A little more than two years ago Lucas Systems introduced a new voice/speech recognition platform – Serenade – that combines the advantages of speaker-dependent and speaker-independent speech recognition systems in a single product. Besides industry-best recognition accuracy in challenging warehouse environments, with Serenade users can start using the voice system after completing a short enrollment process, as compared to a 30 minute voice training process required with traditional voice picking systems.
To understand the advantages of Serenade, its useful to look at the pros and cons of speaker-dependent technology that dominates the warehouse market today, as well as of speaker-independent technologies that are more prevalent in consumer, call center, and other markets. Consumer speech recognition is a rich target for comedy. See some funny speech-related videos on the Lucas YouTube channel.
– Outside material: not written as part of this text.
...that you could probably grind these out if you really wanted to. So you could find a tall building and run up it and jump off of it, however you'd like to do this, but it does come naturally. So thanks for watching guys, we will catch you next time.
Dependent Systems Require Training and Re-training
Until recently warehouse voice systems used speaker-dependent technology in which the voice engine is tuned to recognize each user’s speech patterns. Those systems required a 20-30 minute “voice training” process for each user. This half hour training step is seen as a small price to pay to get near-perfect recognition accuracy. One shortcoming of most first generation speaker dependent systems was that they often required users to record a second voice template after starting to work with the system. Why? Because people usually speak very clearly and deliberately when they initially create their voice template, but as they get comfortable working with voice, they speed up and revert to their usual speech patterns. When that happens, the recognizer starts having problems matching what they say against the template they built, so the user will retrain.
To eliminate the need to retrain, Lucas introduced the concept of adaptive voice modeling, in which the speech software automatically adapts the user’s voice template in the course of use. So as users start working faster, slurring words together and cutting off the ends of words, the recognizer keeps up. More importantly, rather than degrading, recognition accuracy actually improves with use, even when a user comes down with a cold.
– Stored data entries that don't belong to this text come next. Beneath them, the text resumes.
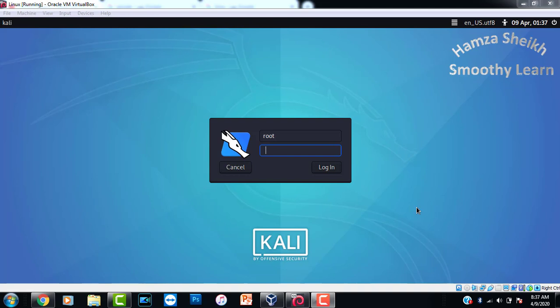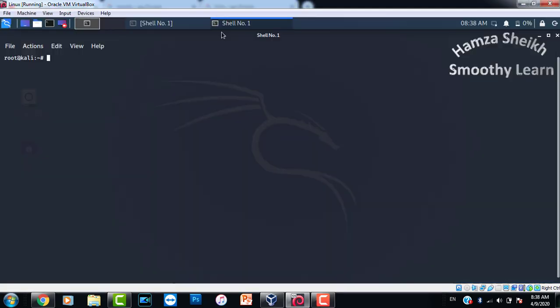What you need to do in this case, let me show you. Login as root in Kali 2020. If you cannot login as root user, just login as Kali then write 'sudo passwd root', press enter, reset the password for root user, and re-login again.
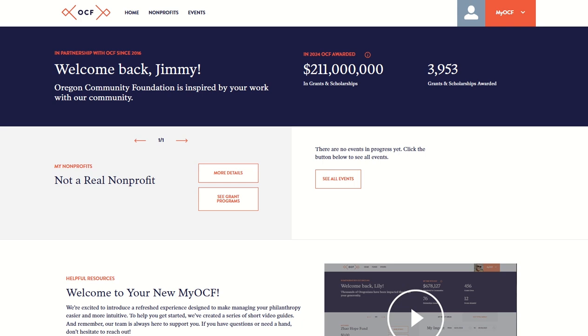Welcome to MyOCF, your online portal where you can learn about OCF's grant programs, apply for funding, and view your past applications and grant history.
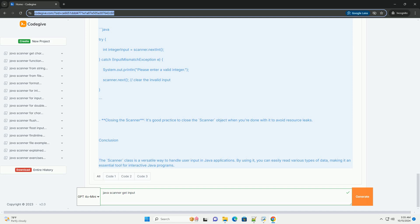Conclusion: The Scanner class is a versatile way to handle user input in Java applications. By using it, you can easily read various types of data, making it an essential tool for interactive Java programs.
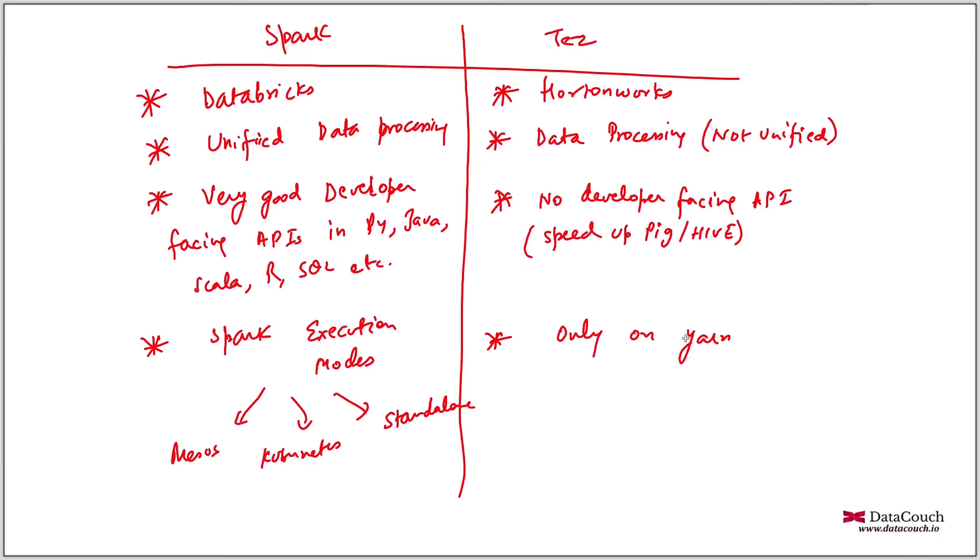Reasons are very simple because you want developer facing API. You want to go beyond general purpose data processing, you want to have specialized libraries, which will give you an experience of overall unified data processing framework rather than a specific general purpose data processing framework. So hope this gives you an idea of what is the difference between Spark and Tez.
Independent Systems Don’t Adapt Well to Individuals
What if you could do away with training altogether so that anyone could use the system without creating a voice model? That’s the advantage of speaker-independent systems used in automated customer service applications and other consumer-oriented products. Unfortunately, speaker-independent systems did not provide high accuracy rates in challenging industrial settings, which would force users to repeat themselves or, worse yet, frustrate users to the point where the system becomes unusable.
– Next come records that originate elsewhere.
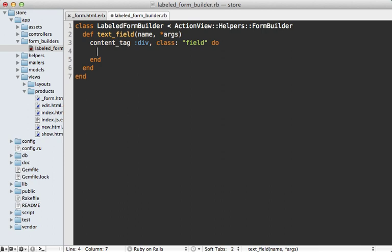Now unfortunately, you can't call helper methods like this content tag method directly inside of a form builder. However, you do have access to this template instance variable that you can call helper methods through. So just make sure to prefix that every time you want to call a helper.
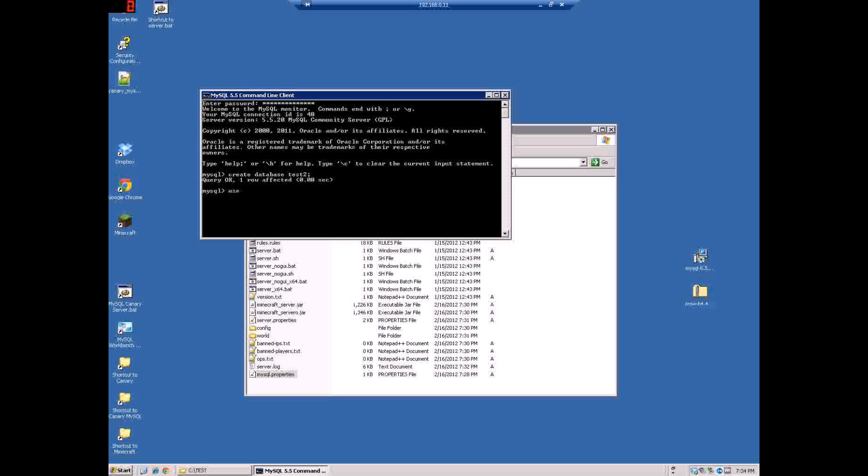Next you'll do use, you'll do minecraft but in this case since I changed my database name it's going to be test2. Make sure you put the semicolon like that, it'll say database changed. And then next...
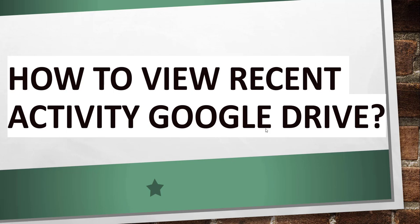So suppose you have done any changes in your Google Drive, all the tasks that are going to show in the activity section, right? So how we can view that recent activity that you have done in your Google Drive—as part of this video tutorial we will discuss this topic.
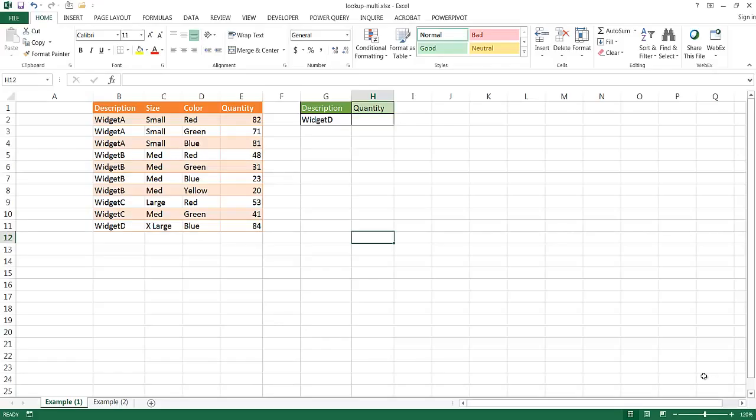Hi, in this video I'm going to show you how to perform a lookup with multiple criteria. If you're familiar with a lookup, the most common lookup functions in Excel are either LOOKUP, which is a little older, or VLOOKUP, or INDEX and MATCH.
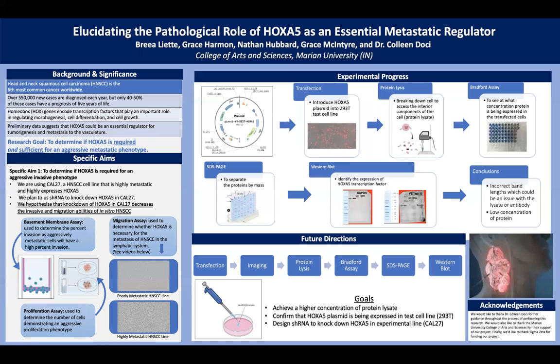We would like to thank Dr. Colleen Doche, the Marin University College of Arts and Sciences, and Sigma Zeta for their support, mentorship, and funding for our project.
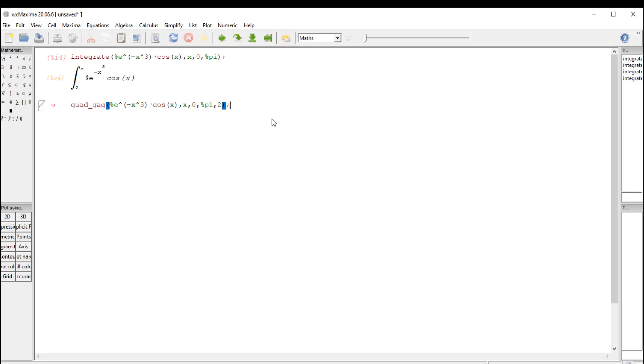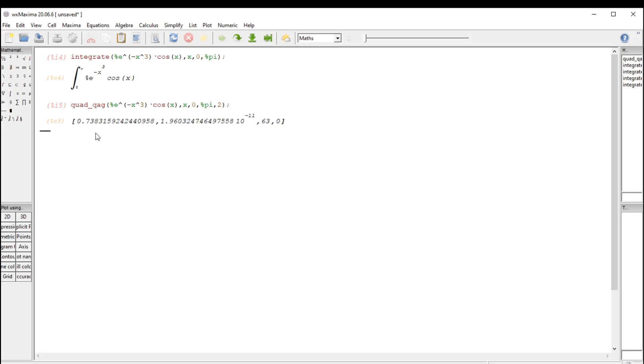So I'm going to hit shift enter, and the area bounded by that curve is 0.738, as many decimal places as you like. I usually go to the thousandth place in calculus classes, so that's how you get it done.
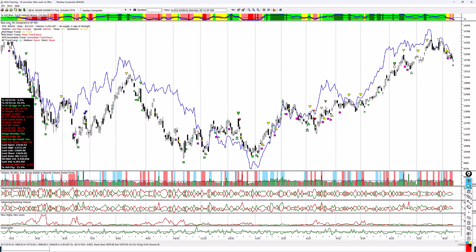This is the NASDAQ versus the S&P 500. When the blue line is going up, the NASDAQ composite is outperforming the S&P 500; when it's going down, it's underperforming. The tech-heavy NASDAQ was outperforming up to this point, then it rolled over, tried to rally, and it's underperforming the S&P 500 right now.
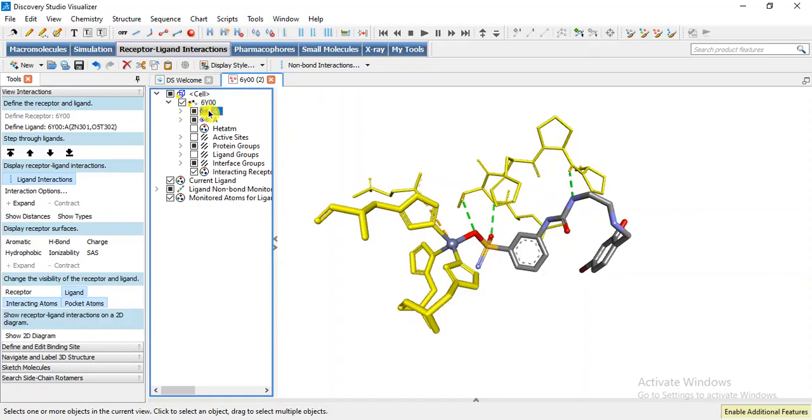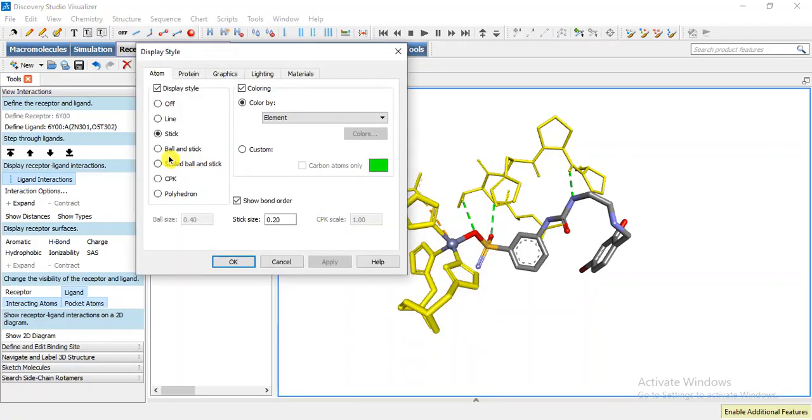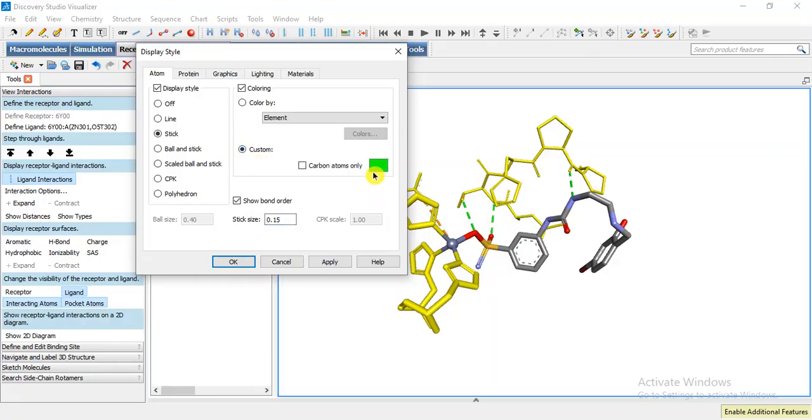These are with different width sizes. So right click display style stick model. I am going to change here the size of the stick. It is 0.15. We can change the color of these residues only.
Another common drawback to speaker-independent systems is that they may have trouble with non-standard speakers – people with heavy accents or speech impediments. And since these systems are not designed to work with user-specific models, they have no way to adjust to challenging users and individual speech patterns.
Serenade Gives the Best of Both Worlds
Serenade provides the advantages of minimal training and adaptation in a single product. What that means is you save 20 minutes or more in initial training, get high accuracy from day one across all users (even challenging users), and don’t have to re-train after getting comfortable with the system. For a DC with a couple of dozen users, every 20 minute time savings equals one eight-hour work day. And in today’s economy every little bit of time and cost-savings matters. More importantly, with industry-best recognition rates, users get confidence in the system from day one and can concentrate on their jobs rather than the technology they are using to do it. At the end of the day, that’s the critical requirement for any voice system.